Interestingly enough, few attempts have been made so far to test for the existence of. Barro is considered one of the founders of new classical macroeconomics, along with robert lucas, jr. Barro and gordon s 1983 celebrated model of timeconsistent monetary policy o. Some inflation may, therefore, reflect policy preferences. Economic growth in a cross section of countries robert j. The main innovation of the barro gordon analysis is to go beyond this. Inflation and monetary policy in the twentieth century federal. Likelihood ratio tests indicate that the restriction imposed by the barro gordon model is rejected by the data but the one imposed by the version of cukiermans model is not. Rules, discretion and reputation in a model of monetary. Government spending in a simple model of endogeneous growth. Barro and gordon 22 have explained time inconsistency of monetary policy as follow. In barro and gordon s model, a policymaker desires to reduce unemployment and, lacking the ability to commit in advance to amonetary policy rule, is tempted todo so in eachperiodbycreating. Does the barrogordon model explain the behaviour of.
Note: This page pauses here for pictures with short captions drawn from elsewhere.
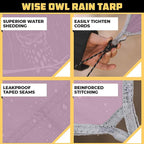 Wise Owl Outfitters Hammock Rain Fly – Waterproof Camping Tarp Cover with Tent Stakes & Carry Bag, Ultralight Shelter for Backpacking & Outdoor Shade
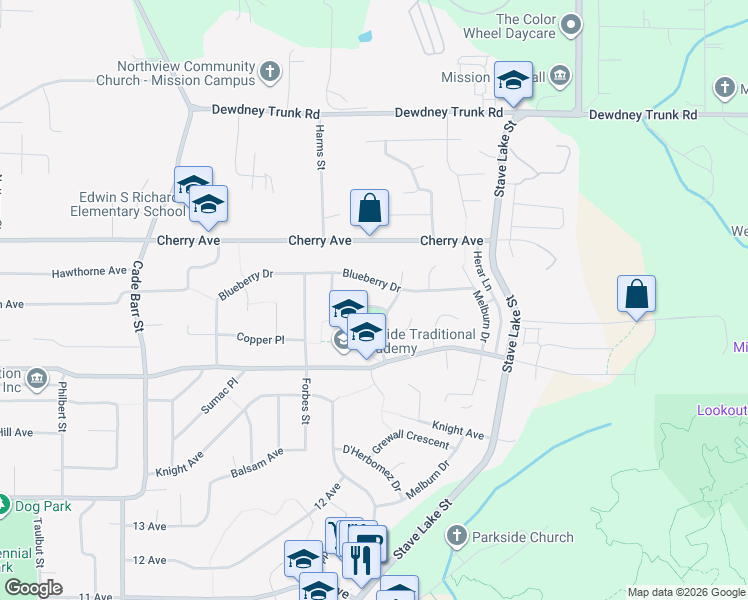 map of restaurants, bars, coffee shops, grocery stores, and more near 8305 Casselman Crescent in Mission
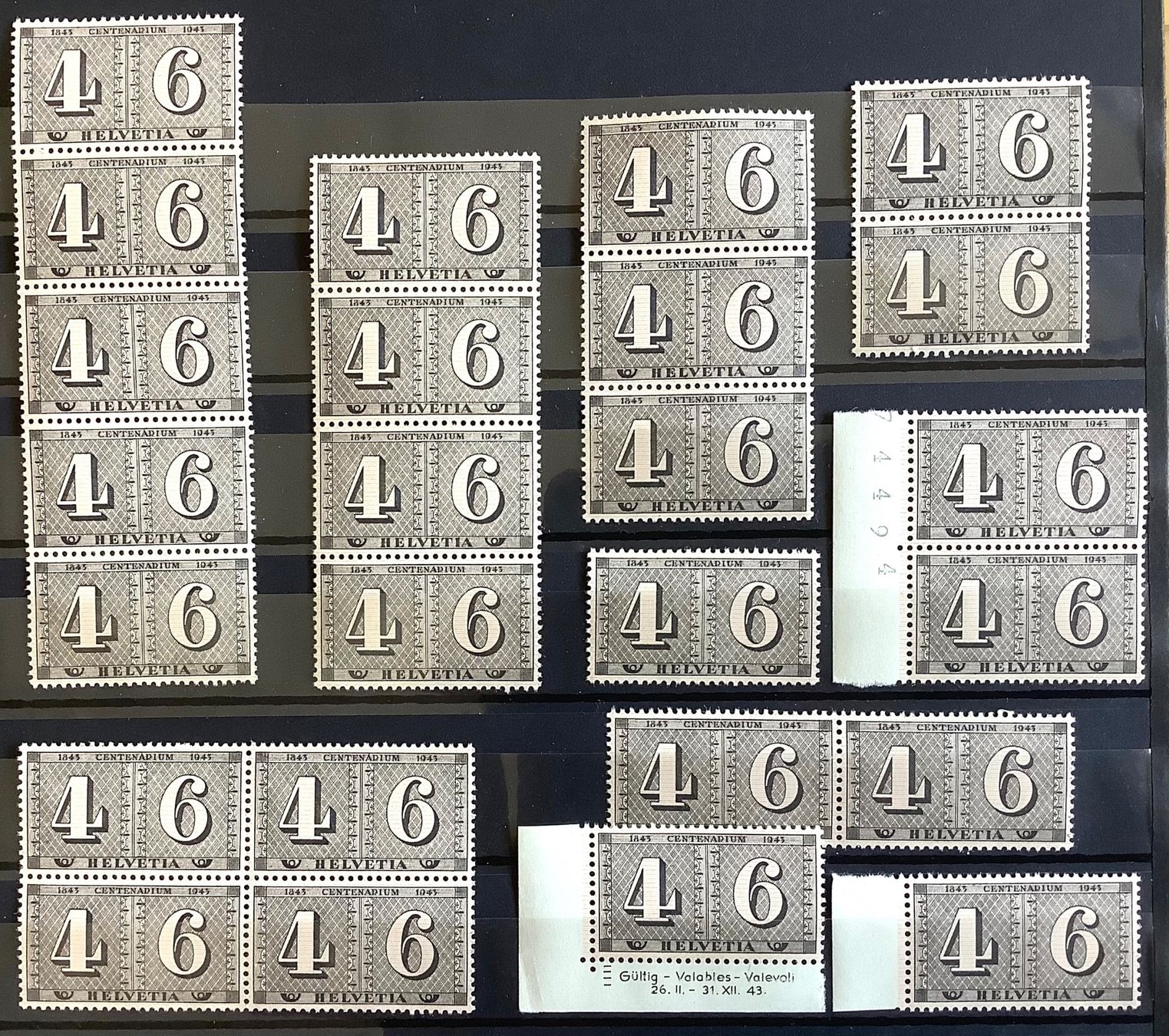 Tutti i francobolli: 1943 Schweiz 100 Jahre Postmarken Div.Varianten ** – Nuovo (secondo la descrizione) da Liestal venduto da Skunk02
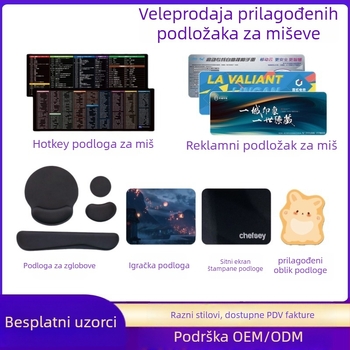 Dvoslojna podloga za miša s toplinskim prijenosom, prirodna guma, protivklizna, tisk logotipa, OEM prilagodba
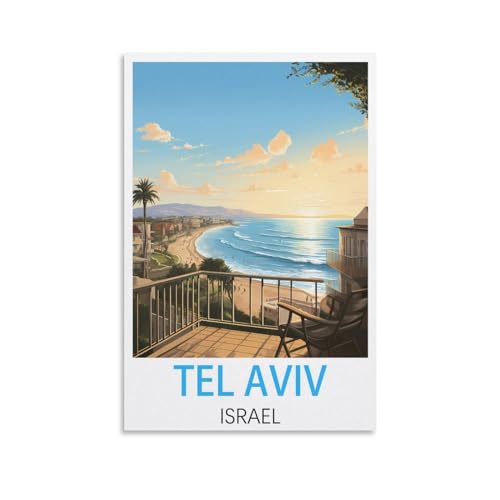 Tel Aviv Israel Vintage-Reiseposter, 30 x 45 cm, Leinwand-Kunst, Poster und Wandkunst, Bilddruck, Schlafzimmerdekoration von JavoN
A quarter of a century after kydlands and prescotts pioneer work kydland and prescott, 1977 game. Pdf rules, discretion and reputation in a model of. The attractions of generating revenue from surprise inflation are clear if we. Does the timeconsistency problem explain the behavior of in. Section 3 presents a two party version of this model, which is tested in section 4. Testing the barro gordon model in breaking and dependent panels.

Basher, david edgerton october 12, 2005 abstract the barro gordon model of monetary policy implies that inflation will inherit the persistency of the natural rate of unemployment when the central bank cannot commit to a monetary policy rule. Government spending in a simple model of endogenous growth robert j. Barro harvard university and national bureau of economic research one strand of endogenousgrowth models assumes constant returns to a broad concept of capital. The incentive for policymakers to create surprise inflation is shown below. Section 5 discusses recent models of rational political business cycles. This paper is based on his application of the modified bg model.

Barro and gordon 1983a modify the social objective function, making both the deviations of inflation and unemployment from target quadratic terms, whereas the implied model in kydland and prescott 1977 enters the deviation of unemployment from target as a linear, and not quadratic, term. Naturalrate models suggest that the systematic parts of monetary policy will not. Stochastic reaction strategies in the barrogordon framework. Setup of the model as in previous models barro and gordon 1983a, b, costs for period t depend on actual and unexpected inflation, where v is actual inflation for period t and 7r, is the representative persons forecast of.

The level of output is determined by an expectationsaugmented phillips curve. The main criticism to this literature addresses the lack of microeconomic underpinnings for the. Robert joseph barro born september 28, 1944 is an american classical macroeconomist and the paul m. Stochastic reaction strategies in the barro gordon framework. University of queensland august 12, 2014 abstract a government bailout model based on the framework of timeconsistent monetary policy of barro and gordon 1983 is developed. They callout for a more detailedanalysis that uses the barro gordon model as a basis for statistical tests of the hypothesis that the timeconsistency. The barro gordon model shows how the ability of government to manipulate leads to inflationary bias. In contrast to the famous kydlandprescott barro gordon approach, implementing a monetary rule where the cost and benefit resulting from inconsistent policy coincide.